Okko’s Inn is the everyday tale of a girl who stares trauma in its ghoulish face and rises above it all to make her life mean something. I’m sorry, did I say everyday? When she steps up as junior innkeeper at Hananoyu Inn, she begins to see the many ghosts and spirits who reside there too. In accepting their help to give shelter and hope to all kinds of wayward souls, her story could easily have become overly sentimental. But quite the opposite, it’s a grounded yet sweet and optimistic look at grief and the many ways it can touch our lives.
The foundation for this affectionate movie, carved out of an anime series which ran for two seasons in all, is undoubtedly Okko herself. The relationships she builds throughout its string of vignette-style meetings are bolstered by touchstones of Japanese culture to further highlight how universal her predicament is. The spirit and human realms crossing over within her becomes a poignant reflection on how trauma destroys then remakes us, wounded but stronger, different and yet somehow still the same.

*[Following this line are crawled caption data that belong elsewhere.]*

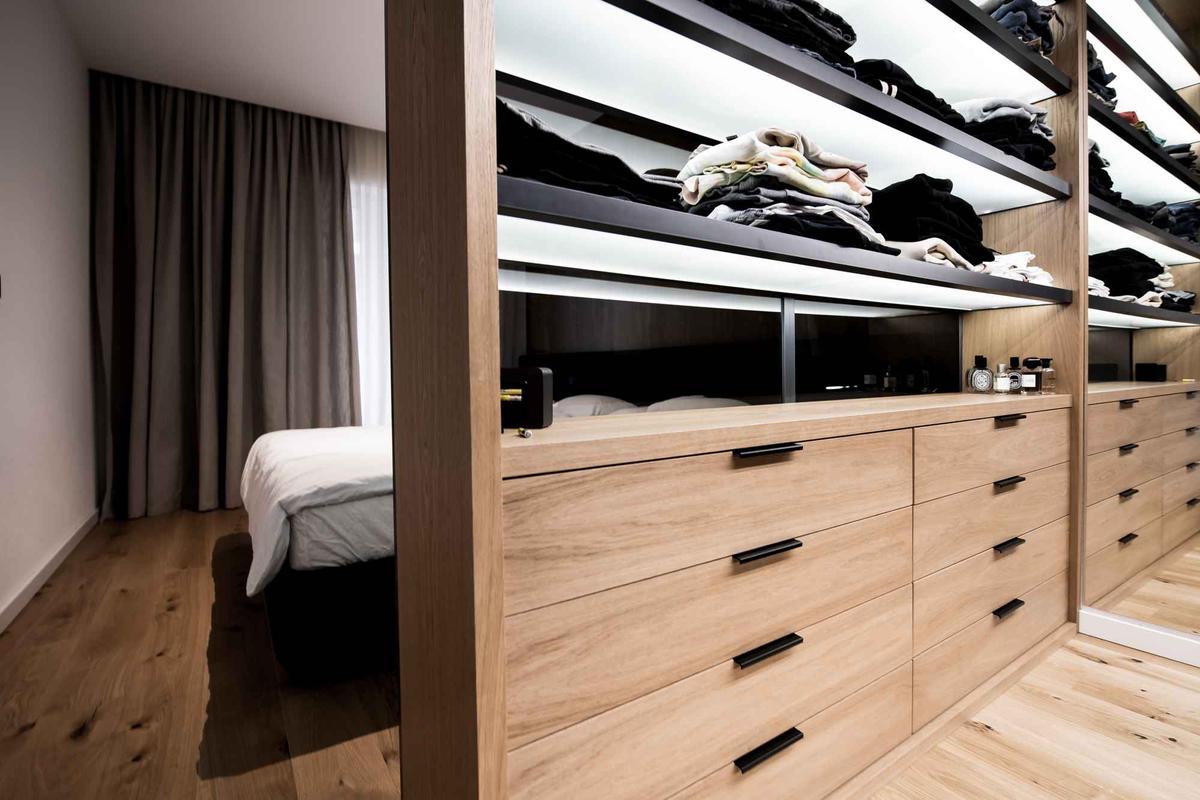 WENS DOOR - šatníkové riešenia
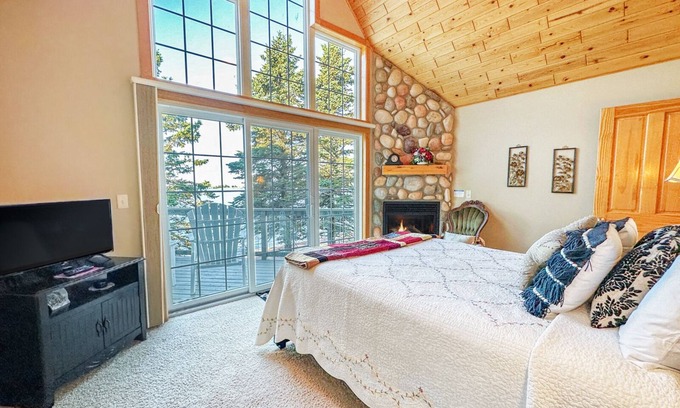Grand Marais House | Cobblestone Cove Villa 4 - Lake Superior - Grand Marais, MN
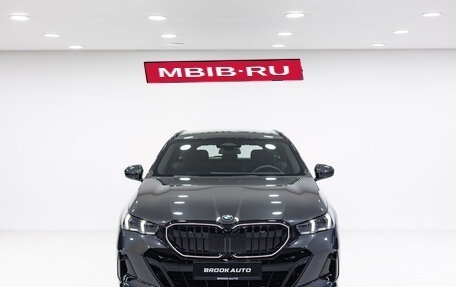 BMW 5 серия, 2024 год, 8 990 000 рублей, 2 фотография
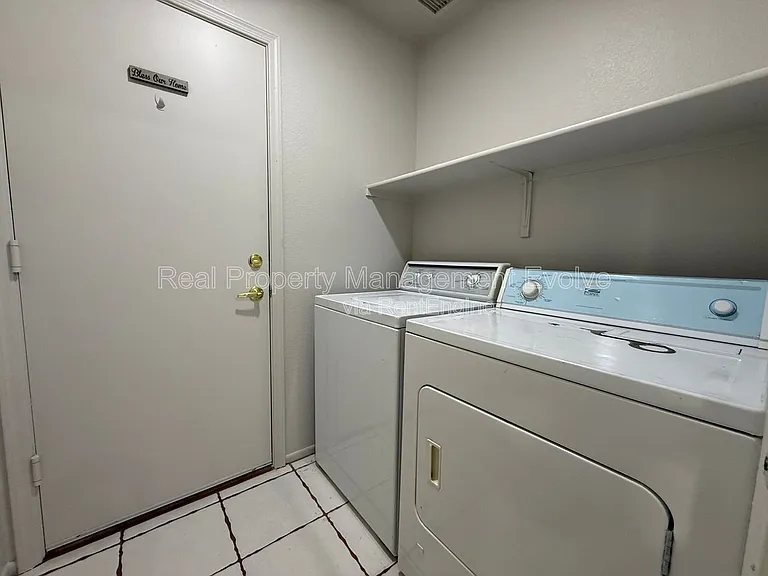 2340 E Derringer Way — Photo 20
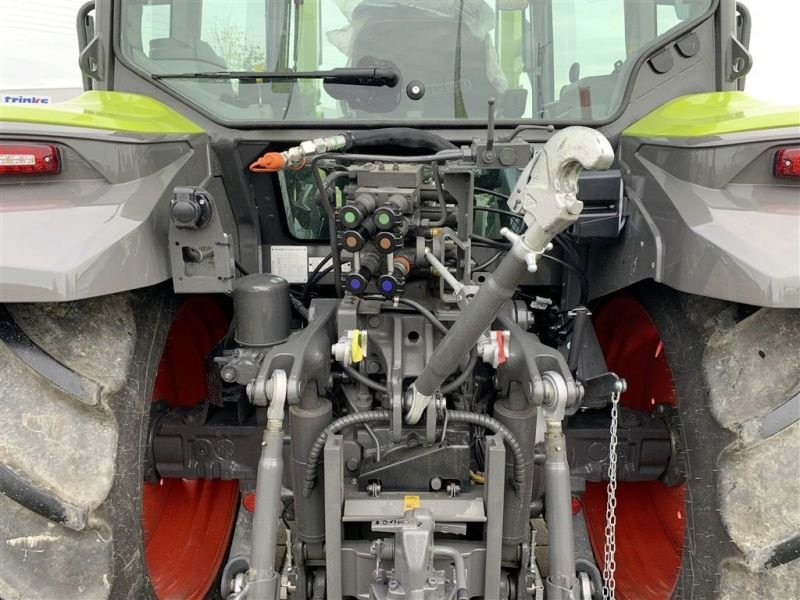 Traktor des Typs CLAAS AXOS 3.120, Vorführmaschine in Grabenstätt/Erlstätt (Bild 5)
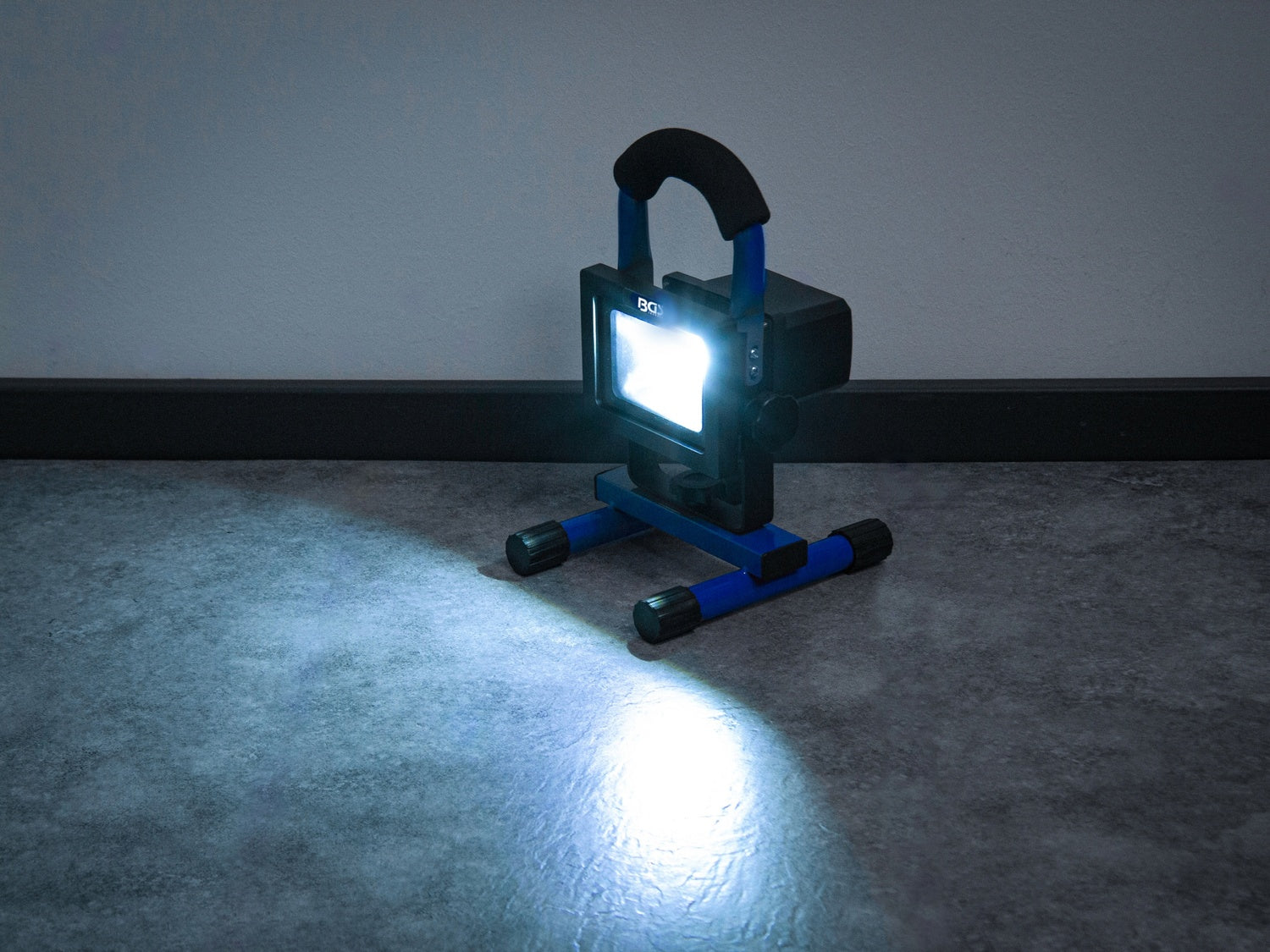 BGS 85340 Akku Arbeitsstrahler COB-LED 5 Watt energiesparend
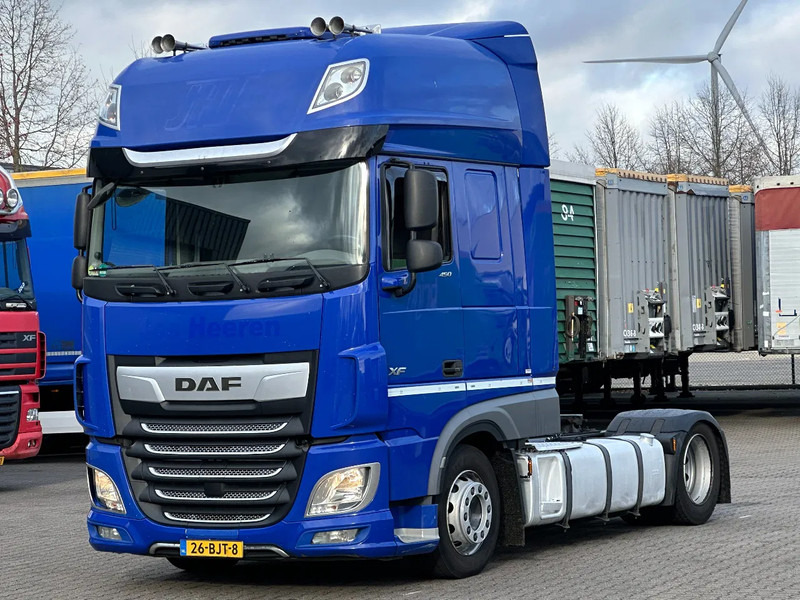 DAF XF 450 SSC Mega / Full Air / Smart Tacho *Apk* - وحدة جر: صورة 1 DAF XF 450 SSC Mega / Full Air / Smart Tacho *Apk* - وحدة جر: صورة 1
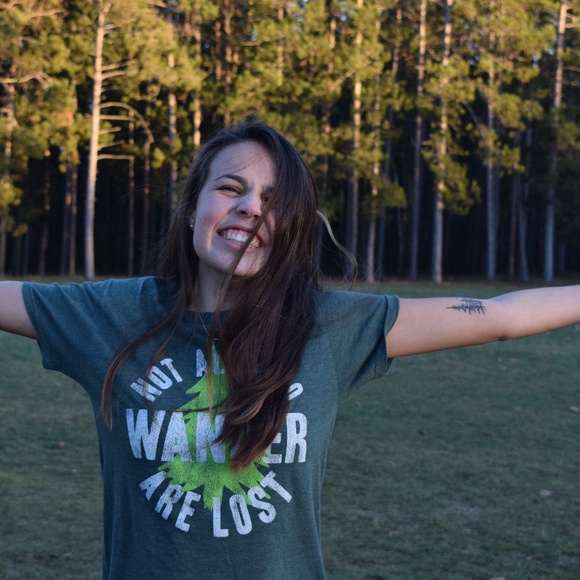 Meet your Posher, Jessie - Picture 1 of 2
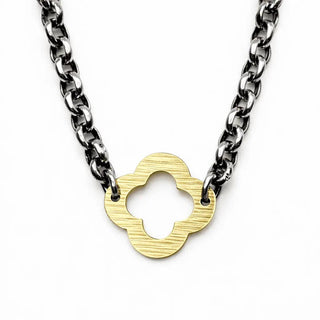 Erin Gray Gold Clover Allure Short Necklace in Mixed Metal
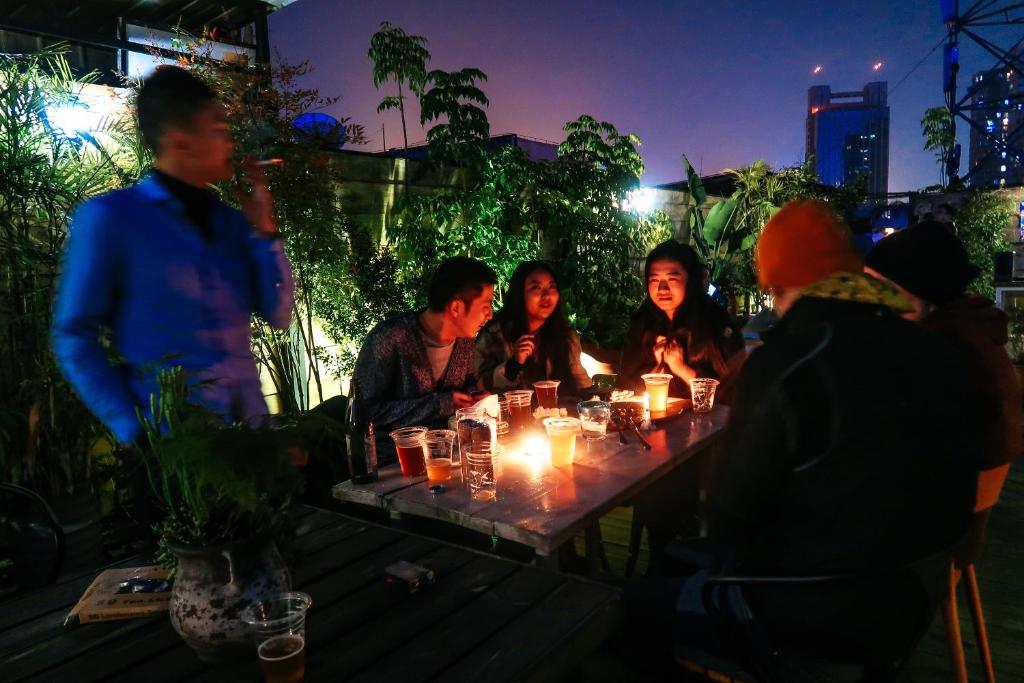 Hosté ubytování Chengdu Flipflop Hostel - Right Next To Taikooli & Metro - Chill & Social Rooftop Garden Bar - Free Activities - Friendly English Speaking Staff - Tibet, Panda, Buddha & Snow Mountain Tours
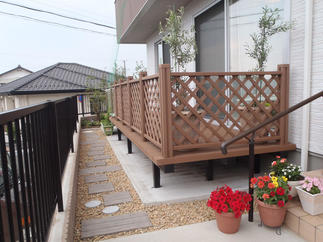 既存のデッキの足元にはレイルスリーパーの小路。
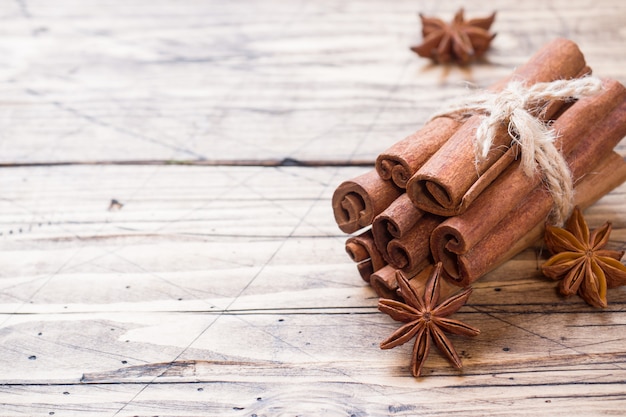 Unos palitos de canela atados con hilo y estrellas de anís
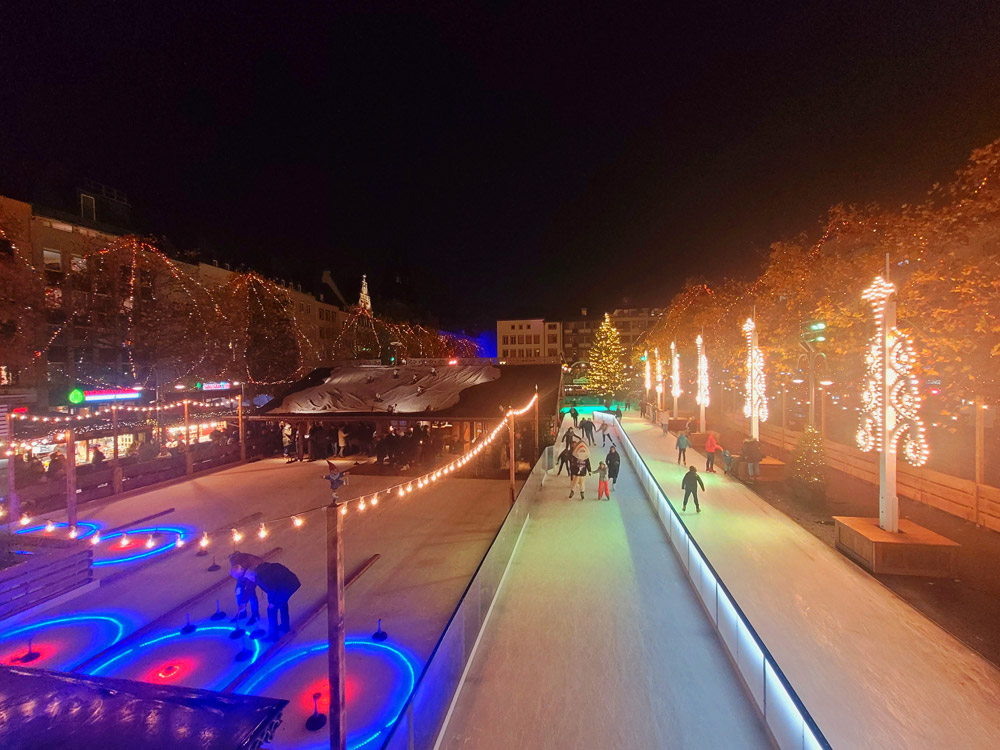 Die Eisbahn am Heumarkt auf dem Weihnachtsmarkt in der Altstadt in Köln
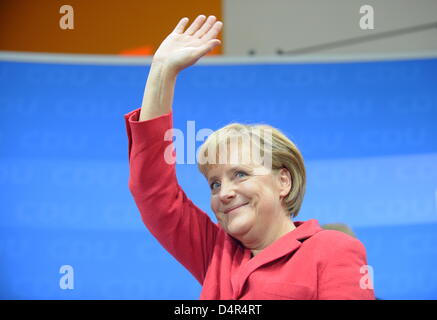 Angela Merkel, chancelière allemande et présidente de l'Union chrétienne-démocrate CDU vagues durant une élection partie à ?Konrad-Adenauer-Haus ? À Berlin, Allemagne, le 27 septembre 2009. Photo : Marcus Brandt Banque D'Images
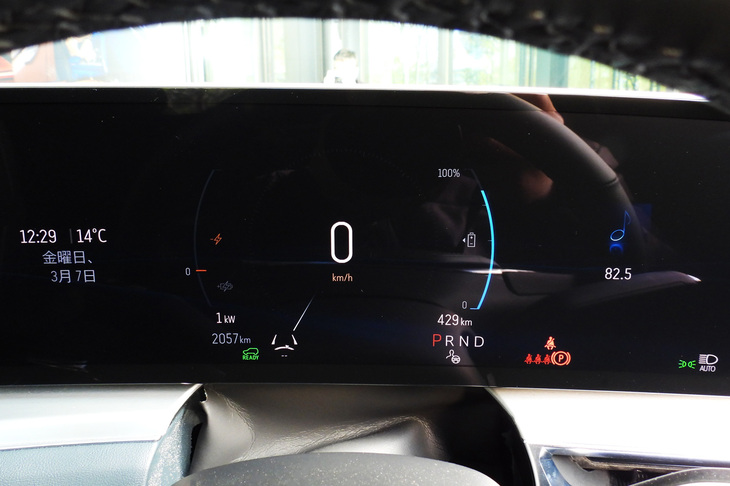 キャデラック・リリック（33インチアドバンスドカラーLEDディスプレイ）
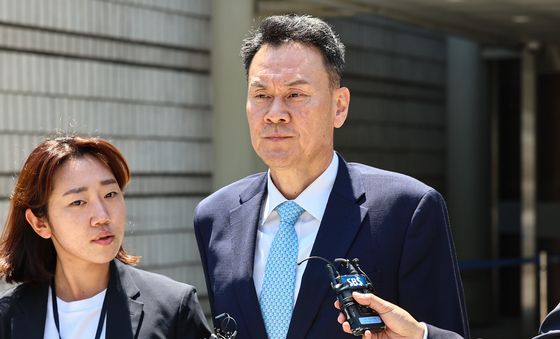 '내란 가담' 김명수 전 합참의장, 굳은 표정으로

By overcoming these spiritual shifts, Okko proves herself quite the role model for anyone who either has psychic abilities… or works in customer service. She’s quite ordinary as opposed to many other ‘I-see-dead-people’ types we see in media, compassionate and practical (except for when she gets in a flap over creepy crawlies) while still conscious of when to take charge. She has all the chops of a budding counsellor or spiritual healer, coaching her many troubled guests through grief and pain of all kinds. The film is almost a study into what an innkeeper—and by extension any person with friends, family and acquaintances—should be in life. Reliable, dutiful, responsible, but never letting those qualities overrule kindness or intuition.
There’s an understated kind of beauty in each chapter of this story, obviously an effect of Ghibli veteran Kitaro Kosaka imparting the studio’s unmistakeable aesthetic. Despite the lines between episodes of the show sometimes peeking out, this doesn’t break the soothing, quiet wildness of the story and its surroundings. Watching is like taking a dip in the healing waters of Hananoyu Inn’s fabled hot spring for yourself. You come out of it cleansed and reinvigorated, perhaps with a new perspective on some trouble or other you’ve tried to sweep under the rug.
For anyone who’s missing someone, Okko’s Inn has a cosy spot to curl up and reflect, and sometimes in surprising ways. The junior innkeeper is inspirational for how she manages her grief by helping others with theirs. But she’s also there as a reminder that sadness doesn’t equal weakness.